Work request: From the entries below, return only the lines starting at the one that contains "Imagem de HammerHead" and ending at the one that contains "Granddaughter - Your", exactly as they stand.
>>>>
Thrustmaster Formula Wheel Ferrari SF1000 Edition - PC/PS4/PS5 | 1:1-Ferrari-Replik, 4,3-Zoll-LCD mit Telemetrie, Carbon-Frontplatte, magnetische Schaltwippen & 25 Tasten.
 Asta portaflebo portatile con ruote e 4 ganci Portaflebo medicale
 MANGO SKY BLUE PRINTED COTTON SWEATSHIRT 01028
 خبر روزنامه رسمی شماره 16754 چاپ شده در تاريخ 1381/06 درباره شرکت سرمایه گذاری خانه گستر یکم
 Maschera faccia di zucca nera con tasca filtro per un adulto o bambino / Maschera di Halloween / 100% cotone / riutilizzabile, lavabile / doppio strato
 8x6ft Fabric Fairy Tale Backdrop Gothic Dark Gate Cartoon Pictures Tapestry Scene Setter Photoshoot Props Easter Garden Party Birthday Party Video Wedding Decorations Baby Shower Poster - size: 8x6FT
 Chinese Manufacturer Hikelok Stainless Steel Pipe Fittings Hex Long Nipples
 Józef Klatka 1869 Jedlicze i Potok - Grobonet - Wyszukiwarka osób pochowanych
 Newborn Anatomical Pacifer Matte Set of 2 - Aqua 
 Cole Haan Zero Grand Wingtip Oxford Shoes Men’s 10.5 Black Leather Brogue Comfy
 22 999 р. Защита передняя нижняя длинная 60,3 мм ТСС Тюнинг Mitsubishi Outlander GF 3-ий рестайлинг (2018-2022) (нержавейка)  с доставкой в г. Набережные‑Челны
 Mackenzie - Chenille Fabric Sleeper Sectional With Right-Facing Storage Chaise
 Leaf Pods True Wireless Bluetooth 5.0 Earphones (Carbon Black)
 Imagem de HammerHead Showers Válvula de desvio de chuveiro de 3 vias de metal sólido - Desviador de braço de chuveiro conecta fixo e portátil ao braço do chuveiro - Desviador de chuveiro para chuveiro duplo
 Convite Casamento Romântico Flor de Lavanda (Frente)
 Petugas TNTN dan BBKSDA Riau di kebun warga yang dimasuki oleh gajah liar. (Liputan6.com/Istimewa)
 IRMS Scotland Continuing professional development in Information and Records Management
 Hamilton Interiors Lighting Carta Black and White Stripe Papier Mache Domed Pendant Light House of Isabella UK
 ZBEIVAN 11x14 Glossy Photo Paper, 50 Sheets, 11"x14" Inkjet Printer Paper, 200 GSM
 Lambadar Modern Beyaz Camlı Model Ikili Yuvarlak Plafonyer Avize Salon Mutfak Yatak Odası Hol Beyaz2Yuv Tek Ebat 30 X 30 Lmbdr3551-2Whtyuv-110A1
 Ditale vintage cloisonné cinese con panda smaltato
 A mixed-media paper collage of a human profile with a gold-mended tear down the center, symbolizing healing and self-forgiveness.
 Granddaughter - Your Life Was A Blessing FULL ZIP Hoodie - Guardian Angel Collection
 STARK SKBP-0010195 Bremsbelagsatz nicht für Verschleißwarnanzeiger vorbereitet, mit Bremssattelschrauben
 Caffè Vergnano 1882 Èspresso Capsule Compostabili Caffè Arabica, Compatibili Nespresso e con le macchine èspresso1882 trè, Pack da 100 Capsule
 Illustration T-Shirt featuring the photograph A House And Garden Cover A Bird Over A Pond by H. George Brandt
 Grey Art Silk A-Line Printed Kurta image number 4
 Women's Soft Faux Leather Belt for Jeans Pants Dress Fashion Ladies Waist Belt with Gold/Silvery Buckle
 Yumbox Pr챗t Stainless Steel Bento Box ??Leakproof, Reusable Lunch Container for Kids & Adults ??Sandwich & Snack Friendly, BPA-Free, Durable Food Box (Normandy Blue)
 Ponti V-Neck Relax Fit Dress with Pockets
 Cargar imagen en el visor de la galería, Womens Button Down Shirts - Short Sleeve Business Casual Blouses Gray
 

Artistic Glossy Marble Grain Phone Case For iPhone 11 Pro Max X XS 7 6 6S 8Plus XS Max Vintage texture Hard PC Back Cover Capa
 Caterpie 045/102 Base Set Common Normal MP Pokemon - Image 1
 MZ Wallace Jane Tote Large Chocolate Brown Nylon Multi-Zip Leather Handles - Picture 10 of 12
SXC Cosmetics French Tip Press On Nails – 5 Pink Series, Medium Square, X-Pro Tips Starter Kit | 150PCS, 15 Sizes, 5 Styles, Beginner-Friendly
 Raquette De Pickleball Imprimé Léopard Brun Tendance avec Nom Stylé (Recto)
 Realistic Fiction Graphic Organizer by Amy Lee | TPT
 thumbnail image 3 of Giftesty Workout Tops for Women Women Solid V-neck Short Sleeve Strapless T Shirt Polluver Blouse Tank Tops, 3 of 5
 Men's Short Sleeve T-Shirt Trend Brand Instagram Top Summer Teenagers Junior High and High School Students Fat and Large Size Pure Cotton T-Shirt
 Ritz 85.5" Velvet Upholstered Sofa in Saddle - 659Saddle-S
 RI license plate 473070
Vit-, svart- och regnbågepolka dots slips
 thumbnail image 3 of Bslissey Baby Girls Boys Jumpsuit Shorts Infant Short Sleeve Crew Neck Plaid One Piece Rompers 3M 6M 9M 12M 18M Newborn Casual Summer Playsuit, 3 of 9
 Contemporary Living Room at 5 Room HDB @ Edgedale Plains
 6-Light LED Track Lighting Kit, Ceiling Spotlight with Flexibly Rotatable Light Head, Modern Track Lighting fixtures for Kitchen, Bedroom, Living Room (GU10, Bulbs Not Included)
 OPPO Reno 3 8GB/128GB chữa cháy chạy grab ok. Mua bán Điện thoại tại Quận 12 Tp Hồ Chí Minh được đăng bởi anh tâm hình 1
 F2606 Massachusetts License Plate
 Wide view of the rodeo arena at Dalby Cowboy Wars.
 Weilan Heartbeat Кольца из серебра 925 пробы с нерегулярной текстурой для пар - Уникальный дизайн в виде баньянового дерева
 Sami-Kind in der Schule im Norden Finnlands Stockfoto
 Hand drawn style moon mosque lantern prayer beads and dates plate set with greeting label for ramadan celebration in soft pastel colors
<<<<
Answer section:
 Imagem de HammerHead Showers Válvula de desvio de chuveiro de 3 vias de metal sólido - Desviador de braço de chuveiro conecta fixo e portátil ao braço do chuveiro - Desviador de chuveiro para chuveiro duplo
 Convite Casamento Romântico Flor de Lavanda (Frente)
 Petugas TNTN dan BBKSDA Riau di kebun warga yang dimasuki oleh gajah liar. (Liputan6.com/Istimewa)
 IRMS Scotland Continuing professional development in Information and Records Management
 Hamilton Interiors Lighting Carta Black and White Stripe Papier Mache Domed Pendant Light House of Isabella UK
 ZBEIVAN 11x14 Glossy Photo Paper, 50 Sheets, 11"x14" Inkjet Printer Paper, 200 GSM
 Lambadar Modern Beyaz Camlı Model Ikili Yuvarlak Plafonyer Avize Salon Mutfak Yatak Odası Hol Beyaz2Yuv Tek Ebat 30 X 30 Lmbdr3551-2Whtyuv-110A1
 Ditale vintage cloisonné cinese con panda smaltato
 A mixed-media paper collage of a human profile with a gold-mended tear down the center, symbolizing healing and self-forgiveness.
 Granddaughter - Your Life Was A Blessing FULL ZIP Hoodie - Guardian Angel Collection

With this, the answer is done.